Spring 2021 Magazine

Thomas Davis shares message of thanks after his Panthers career comes to an end

After 14 years with the Carolina Panthers, Pro Bowl linebacker Thomas Davis announced Wednesday night that he’ll no longer be a member of the team he’s been a part of since being drafted in 2005.

Davis shared his message on Twitter:

“I received information from the Carolina Panthers on Monday that they’re going to go in a different direction with the linebacker position,” Davis shared. “It’s extremely tough to deal with … I wanted to be a part of a group that came and right the wrongs of this season. As a leader, I take full responsibility for some of things that we allowed to happen.”

Davis thanked the Panthers organization, teammates and fans, but insisted he wants to continue to play.

“Carolina is going to always be home for me and my family, but I’m not retiring,” said the 35-year-old Davis. “I feel like I have way too much football left in me to walk away from the game right now, so I want to keep playing. I’m going to keep playing. Hopefully someone’s going to give me that opportunity.”

Davis, who was named the Walter Payton NFL Man of the Year in 2014, started all 12 games he played in 2018 and finished with 79 tackles and two fumble recoveries for a Panthers team that underachieved and finished 7-9.

In January 2018, Davis initially announced that the 2018 season would be his final season, but after he was suspended the first four games for violating the league policy on performance enhancing drugs, Davis announced he wanted to play at least one more year.

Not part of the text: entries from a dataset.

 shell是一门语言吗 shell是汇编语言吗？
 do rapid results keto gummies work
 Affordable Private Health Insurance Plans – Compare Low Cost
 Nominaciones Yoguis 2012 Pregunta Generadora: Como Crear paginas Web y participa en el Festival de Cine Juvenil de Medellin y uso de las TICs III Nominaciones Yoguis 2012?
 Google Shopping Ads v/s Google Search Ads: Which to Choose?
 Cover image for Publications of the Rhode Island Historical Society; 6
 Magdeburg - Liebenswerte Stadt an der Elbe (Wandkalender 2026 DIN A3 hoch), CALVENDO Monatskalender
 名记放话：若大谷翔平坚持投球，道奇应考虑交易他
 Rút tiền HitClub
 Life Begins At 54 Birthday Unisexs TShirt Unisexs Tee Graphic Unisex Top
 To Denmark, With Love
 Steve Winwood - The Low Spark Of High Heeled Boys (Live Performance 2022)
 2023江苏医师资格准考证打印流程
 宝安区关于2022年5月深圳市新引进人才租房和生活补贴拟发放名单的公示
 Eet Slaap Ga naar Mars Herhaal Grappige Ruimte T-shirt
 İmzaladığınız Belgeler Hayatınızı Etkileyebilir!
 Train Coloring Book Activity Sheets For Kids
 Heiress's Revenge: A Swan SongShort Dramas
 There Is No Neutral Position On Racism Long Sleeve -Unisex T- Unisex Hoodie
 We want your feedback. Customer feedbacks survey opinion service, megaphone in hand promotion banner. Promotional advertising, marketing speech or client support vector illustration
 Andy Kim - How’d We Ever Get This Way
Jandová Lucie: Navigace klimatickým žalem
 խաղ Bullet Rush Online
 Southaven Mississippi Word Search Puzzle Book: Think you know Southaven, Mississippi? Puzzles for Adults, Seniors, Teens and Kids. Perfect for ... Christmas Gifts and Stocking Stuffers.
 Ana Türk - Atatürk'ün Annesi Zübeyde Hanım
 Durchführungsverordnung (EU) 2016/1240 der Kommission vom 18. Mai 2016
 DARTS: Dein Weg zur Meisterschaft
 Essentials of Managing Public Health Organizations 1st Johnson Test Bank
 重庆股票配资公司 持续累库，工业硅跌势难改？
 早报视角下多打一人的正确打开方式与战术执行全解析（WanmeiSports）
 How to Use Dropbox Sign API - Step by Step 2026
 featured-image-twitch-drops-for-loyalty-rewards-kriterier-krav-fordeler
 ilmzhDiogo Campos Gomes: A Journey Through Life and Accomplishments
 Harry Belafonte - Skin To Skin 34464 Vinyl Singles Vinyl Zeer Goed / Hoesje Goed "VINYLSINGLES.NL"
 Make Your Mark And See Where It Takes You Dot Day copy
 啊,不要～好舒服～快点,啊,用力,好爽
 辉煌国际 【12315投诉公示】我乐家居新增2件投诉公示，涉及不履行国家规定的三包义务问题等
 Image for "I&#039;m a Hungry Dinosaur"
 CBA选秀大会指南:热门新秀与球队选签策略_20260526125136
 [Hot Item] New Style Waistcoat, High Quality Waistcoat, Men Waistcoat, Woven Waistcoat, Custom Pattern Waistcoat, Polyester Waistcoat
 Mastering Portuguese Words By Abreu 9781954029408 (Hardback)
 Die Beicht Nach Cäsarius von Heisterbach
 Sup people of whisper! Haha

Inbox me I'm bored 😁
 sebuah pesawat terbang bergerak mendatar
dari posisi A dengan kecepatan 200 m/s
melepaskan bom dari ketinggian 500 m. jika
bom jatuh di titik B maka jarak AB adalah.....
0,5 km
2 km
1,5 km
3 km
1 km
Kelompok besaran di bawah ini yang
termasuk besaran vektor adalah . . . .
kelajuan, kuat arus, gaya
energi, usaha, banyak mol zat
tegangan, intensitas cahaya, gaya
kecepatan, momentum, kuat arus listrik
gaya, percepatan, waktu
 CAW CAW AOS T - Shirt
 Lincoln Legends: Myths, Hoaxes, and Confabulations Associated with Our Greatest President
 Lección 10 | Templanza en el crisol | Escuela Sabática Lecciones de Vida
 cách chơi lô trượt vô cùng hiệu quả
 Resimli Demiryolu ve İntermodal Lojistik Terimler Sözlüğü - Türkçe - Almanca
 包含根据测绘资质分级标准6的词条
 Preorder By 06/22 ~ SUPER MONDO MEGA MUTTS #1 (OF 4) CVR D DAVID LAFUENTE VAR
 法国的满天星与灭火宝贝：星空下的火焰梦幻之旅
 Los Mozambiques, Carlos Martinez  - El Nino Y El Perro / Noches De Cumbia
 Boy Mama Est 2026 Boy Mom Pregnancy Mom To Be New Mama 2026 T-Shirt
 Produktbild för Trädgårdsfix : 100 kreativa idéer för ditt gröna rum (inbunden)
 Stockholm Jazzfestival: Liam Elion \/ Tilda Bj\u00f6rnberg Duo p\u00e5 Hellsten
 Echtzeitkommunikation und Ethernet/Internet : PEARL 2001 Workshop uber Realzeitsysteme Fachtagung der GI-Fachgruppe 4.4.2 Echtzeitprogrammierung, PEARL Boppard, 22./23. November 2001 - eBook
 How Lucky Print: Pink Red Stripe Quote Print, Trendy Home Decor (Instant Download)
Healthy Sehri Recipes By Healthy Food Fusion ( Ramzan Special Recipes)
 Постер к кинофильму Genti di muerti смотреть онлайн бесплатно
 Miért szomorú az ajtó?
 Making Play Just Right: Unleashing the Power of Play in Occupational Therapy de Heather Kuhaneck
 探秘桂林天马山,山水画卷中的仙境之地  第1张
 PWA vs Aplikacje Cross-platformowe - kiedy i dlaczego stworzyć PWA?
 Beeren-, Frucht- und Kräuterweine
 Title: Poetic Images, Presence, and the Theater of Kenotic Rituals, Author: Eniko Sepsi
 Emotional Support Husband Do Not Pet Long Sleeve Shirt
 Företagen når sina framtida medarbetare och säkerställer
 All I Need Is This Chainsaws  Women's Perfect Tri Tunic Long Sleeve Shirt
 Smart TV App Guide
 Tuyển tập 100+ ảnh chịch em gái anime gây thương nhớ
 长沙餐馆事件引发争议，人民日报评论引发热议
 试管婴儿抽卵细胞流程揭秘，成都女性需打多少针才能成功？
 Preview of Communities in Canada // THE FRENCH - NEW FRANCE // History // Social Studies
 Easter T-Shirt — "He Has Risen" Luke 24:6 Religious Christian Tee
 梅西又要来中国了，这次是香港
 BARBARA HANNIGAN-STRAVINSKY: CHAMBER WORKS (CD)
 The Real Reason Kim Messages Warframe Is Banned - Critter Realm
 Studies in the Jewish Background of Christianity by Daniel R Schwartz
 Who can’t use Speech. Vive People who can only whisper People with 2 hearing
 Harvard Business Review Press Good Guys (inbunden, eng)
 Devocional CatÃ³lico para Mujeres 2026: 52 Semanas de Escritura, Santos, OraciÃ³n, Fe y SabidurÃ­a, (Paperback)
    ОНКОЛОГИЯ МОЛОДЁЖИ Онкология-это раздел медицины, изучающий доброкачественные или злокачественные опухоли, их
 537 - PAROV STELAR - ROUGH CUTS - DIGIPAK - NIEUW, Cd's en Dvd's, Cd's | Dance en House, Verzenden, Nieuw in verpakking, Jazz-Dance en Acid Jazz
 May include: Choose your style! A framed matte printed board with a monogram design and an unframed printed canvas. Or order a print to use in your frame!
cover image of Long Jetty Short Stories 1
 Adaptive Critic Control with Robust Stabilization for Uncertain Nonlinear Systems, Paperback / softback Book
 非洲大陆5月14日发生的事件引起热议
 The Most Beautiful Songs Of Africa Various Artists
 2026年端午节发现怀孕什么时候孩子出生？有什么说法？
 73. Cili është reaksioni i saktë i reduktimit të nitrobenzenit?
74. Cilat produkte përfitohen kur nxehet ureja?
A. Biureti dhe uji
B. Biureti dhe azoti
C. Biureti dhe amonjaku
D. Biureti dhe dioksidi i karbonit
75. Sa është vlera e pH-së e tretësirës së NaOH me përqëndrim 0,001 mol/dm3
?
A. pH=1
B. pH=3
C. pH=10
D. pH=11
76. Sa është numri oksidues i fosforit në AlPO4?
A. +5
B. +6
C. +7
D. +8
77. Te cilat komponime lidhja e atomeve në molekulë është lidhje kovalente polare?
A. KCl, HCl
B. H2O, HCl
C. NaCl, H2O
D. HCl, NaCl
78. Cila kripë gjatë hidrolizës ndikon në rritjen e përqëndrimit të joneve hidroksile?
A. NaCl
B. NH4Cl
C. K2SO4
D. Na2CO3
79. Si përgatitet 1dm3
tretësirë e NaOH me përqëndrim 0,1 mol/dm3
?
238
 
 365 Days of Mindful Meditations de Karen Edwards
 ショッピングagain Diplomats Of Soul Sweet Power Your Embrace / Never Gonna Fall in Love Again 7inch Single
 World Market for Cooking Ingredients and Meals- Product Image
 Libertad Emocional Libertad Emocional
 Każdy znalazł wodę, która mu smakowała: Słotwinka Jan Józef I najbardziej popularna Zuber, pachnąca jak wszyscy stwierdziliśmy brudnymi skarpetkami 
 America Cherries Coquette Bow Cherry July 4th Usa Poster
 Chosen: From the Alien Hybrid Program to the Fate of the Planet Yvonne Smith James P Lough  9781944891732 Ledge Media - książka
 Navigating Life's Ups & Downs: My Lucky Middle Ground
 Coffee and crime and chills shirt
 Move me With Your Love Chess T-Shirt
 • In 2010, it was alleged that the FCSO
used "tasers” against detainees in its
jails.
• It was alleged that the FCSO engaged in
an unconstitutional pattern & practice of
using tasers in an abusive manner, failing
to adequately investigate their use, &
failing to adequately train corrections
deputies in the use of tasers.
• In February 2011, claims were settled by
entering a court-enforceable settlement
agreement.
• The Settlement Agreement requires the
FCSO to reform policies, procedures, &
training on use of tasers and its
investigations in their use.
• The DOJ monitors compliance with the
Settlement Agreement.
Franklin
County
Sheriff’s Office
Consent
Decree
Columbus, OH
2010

LISTEN TO THOMAS DAVIS ON EPISODE 103 OF THE SPORTS SPECTRUM PODCAST

A graduate of Georgia, Davis was a three-year letterman at free safety from 2002-04. After his sophomore season in 2003, he earned second-team All-Southeastern Conference honors. He was recognized as a first-team All-SEC selection and a first-team All-American after his junior season in 2004. In 39 career games, Davis recorded 272 tackles, 17 for a loss, 10.5 sacks, three interceptions, six forced fumbles, and four fumble recoveries. After his junior season, he left the Bulldogs for the NFL Draft and was selected in the first round by the Carolina in 2005.

Davis’ biggest influence on his faith was from his college head coach, Mark Richt.

“I never had a father figure in my household so I looked upon him as a father figure,” Davis told Sports Spectrum “And, the way he did things, the way that he communicated things with his wife, his kids. You know, I really learned a lot about being a man from Coach Richt.”

Davis also discovered Coach Richt was more than a guy about X’s and O’s, but a man centered in faith in Jesus Christ.

“He’s one of the best coaches in the country … yet he still gives all credit to God,” Davis says. “I’m like, who is this God and how can I find him? What do I have to do to get closer to Him? … I learned that from him. That’s where it all started for me.”